Carbon capture and storage in South Africa

Submitted by: Amanda Botes, Thursday, May 17, 2012

Carbon capture and storage is included in the National Climate Change Response White Paper as part of the South African government’s mitigation strategy to decrease its carbon emissions by 34% by 2020. This article describes the development of a Carbon Capture and Storage Roadmap for South Africa and provides more information on carbon capture and storage.  


The roadmap, developed by the South African Centre for Carbon Capture and Storage (SACCCS) maps out five stages leading up to the development of a commercial carbon capture and storage plant by 2025.

South African Carbon Capture and Storage Roadmap

The five stages of the roadmap include:

  1. A preliminary investigation into carbon capture and storage potential in South Africa
  2. Development of a geological atlas identifying potential sites for carbon capture and storage
  3. COinjection experiment (2017)
  4. Demonstration plant (2020)
  5. Commercial plant (2025)

At this stage phase one and two have been completed. Planning has begun for the implementation of the third step of the roadmap, to test injecting carbon dioxide into underground storage cavities  to determine if carbon capture and storage is technically feasible in South Africa.  It is expected that a test site will be up and running by 2017.

What is carbon capture and storage?

Carbon capture and storage, also referred to as carbon capture and sequestration, involves capturing carbon dioxide released from large industries and storing it underground.

There are four major steps in the process:

  1. Capture: Large amounts of carbon dioxide and other gases are released when fossil fuels are burned for energy generation.
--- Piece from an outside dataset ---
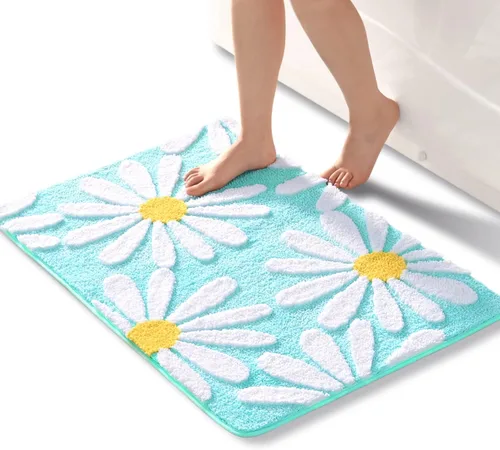 Miniatura 15 de QJHOMO Alfombra de baño azul con diseño de margaritas, decoración de flores blancas y amarillas, alfombra antideslizante de microfibra, súper Azul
Carbon capture involves separating the carbon dioxide from the other gases at large industrial plants.
  2. Transport: After the carbon dioxide has been separated from the other gases it would then be compressed and transported via pipeline to a storage site. The compressed carbon dioxide could also be transported in containers via land transportation.
  3. Storage:  The compressed carbon dioxide would then be injected in rock formations deep underground at depths above 1 kilometre. Potential sites for carbon storage include saline aquifers, depleted oil and gas reservoirs, and deep unmineable coal seams. Carbon could also be stored offshore.
  4. Monitoring: After the carbon dioxide has been injected it would need to be monitored.

Advantages of carbon capture and storage

Electricity generation plants, coal-to-liquids plants and cement manufacturing plants are large emitters of carbon dioxide and proponents of this technology believe that a large percentage of these emissions can be prevented from reaching the atmosphere through carbon capture and storage technology.
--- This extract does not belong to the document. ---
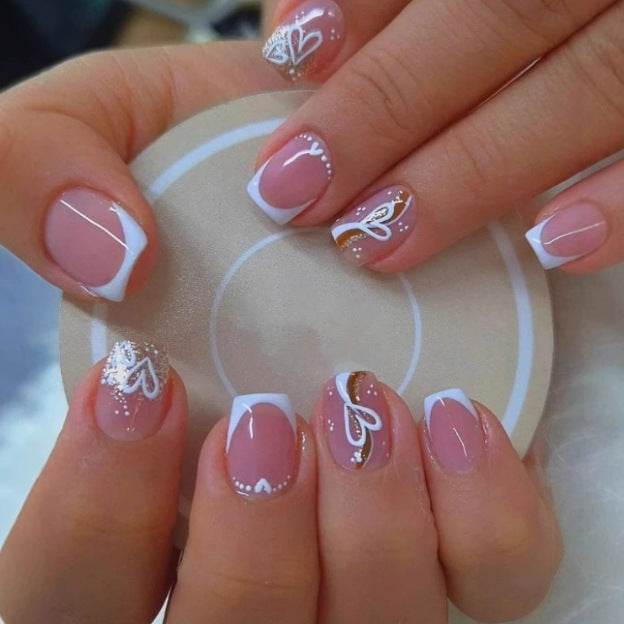 Künstlerische Französische Spitze Nagelkunst Karnz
Disadvantages of carbon capture and storage

Disadvantages highlighted by Opponents of the technology include:

  • Carbon capture and storage technology is expensive and may divert funding away from other climate change mitigation and adaptation projects that have other environmental benefits.
  • Carbon capture and storage requires large amounts of energy which detracts from the mitigation impact of carbon capture and storage.
  • Safe storage underground of carbon cannot be guaranteed and there are risks that the CO2 could leak out from underground influencing climate change at a later date.   In addition leaks pose risks on natural ecosystems and groundwater systems.

Other examples worldwide

According to the Global CCS Institute, there are eight large scale carbon capture and storage projects in operation worldwide.  These are found in Norway, USA, Canada, and in Northern Africa. The USA, Canada, China, South Africa, Australia and many countries in Europe are investing large amounts of money and time into researching and identifying suitable storage site for CO2.